* _Recorded data_
-*-*-

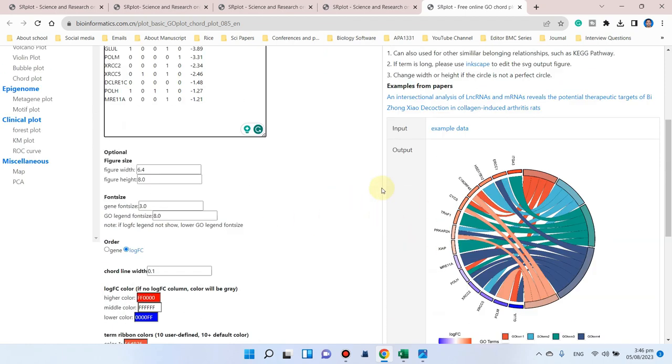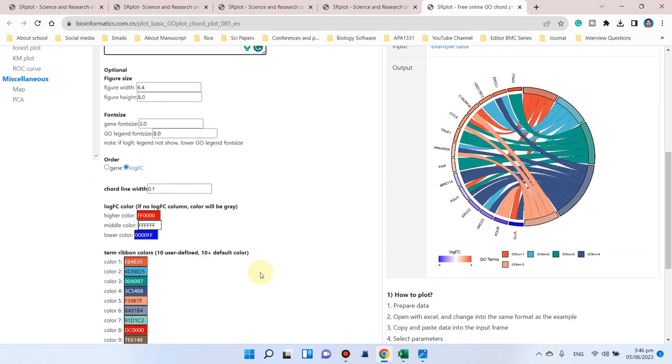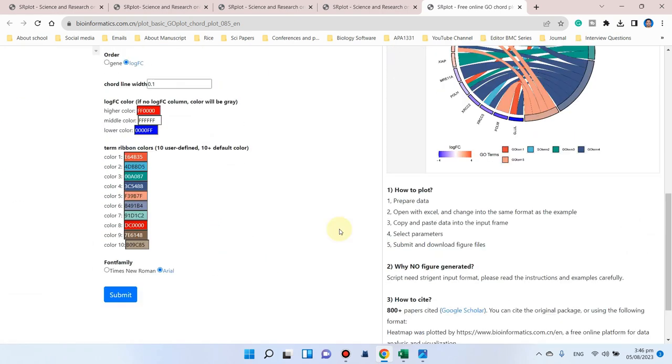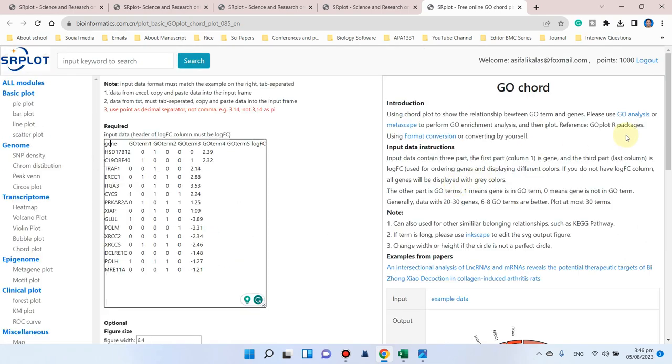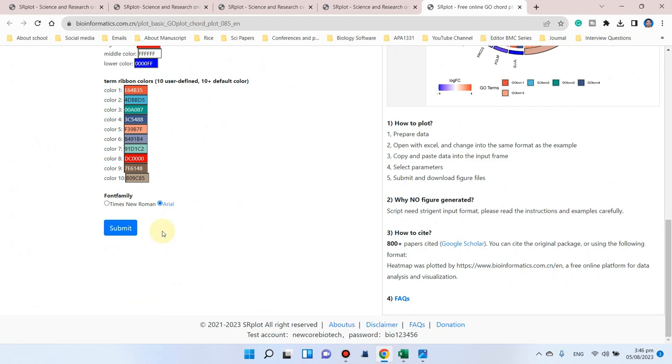This website is totally free to login and after that you can simply submit. You will see your GO chord analysis is generated.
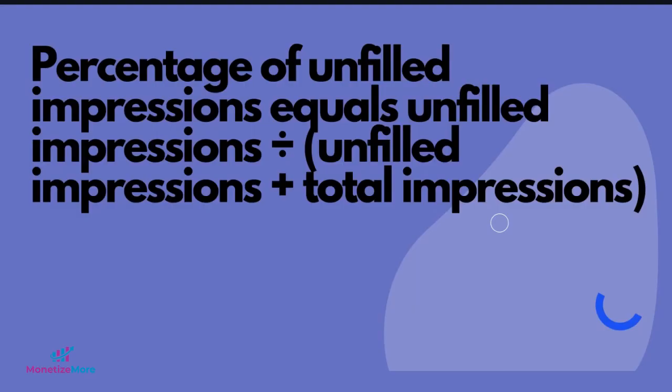Note that total impressions does not include unfilled impressions. Therefore, your percentage of unfilled impressions equals unfilled impressions divided by unfilled impressions plus total impressions.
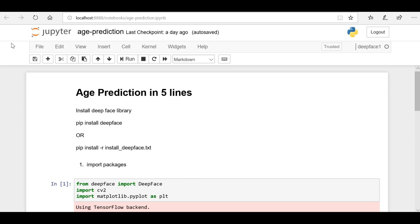Now let's start with age prediction. In this program we're going to use the DeepFace library, which is developed by Facebook's research team. This is a deep learning based library that will help us predict age in just a couple of lines. First of all, let's install this DeepFace library.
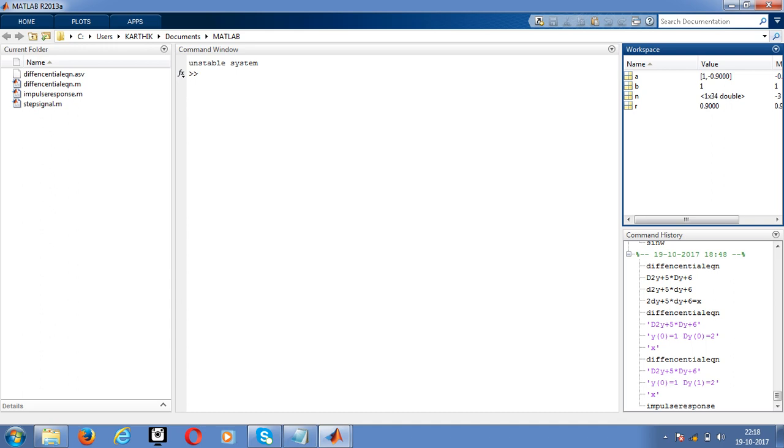If we providing the bounded input we have to get the output as in also the bounded form. But here we are getting the output in unbounded form, so it is unstable system.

-*-*-

* _What is expected_
For this exercise, copy each line of the data above exactly, from the first through the line containing "Now let's start", and drop the pictures.

* _Exercise response_
This website is totally free to login and after that you can simply submit. You will see your GO chord analysis is generated.
Note that total impressions does not include unfilled impressions. Therefore, your percentage of unfilled impressions equals unfilled impressions divided by unfilled impressions plus total impressions.
Now let's start with age prediction. In this program we're going to use the DeepFace library, which is developed by Facebook's research team. This is a deep learning based library that will help us predict age in just a couple of lines. First of all, let's install this DeepFace library.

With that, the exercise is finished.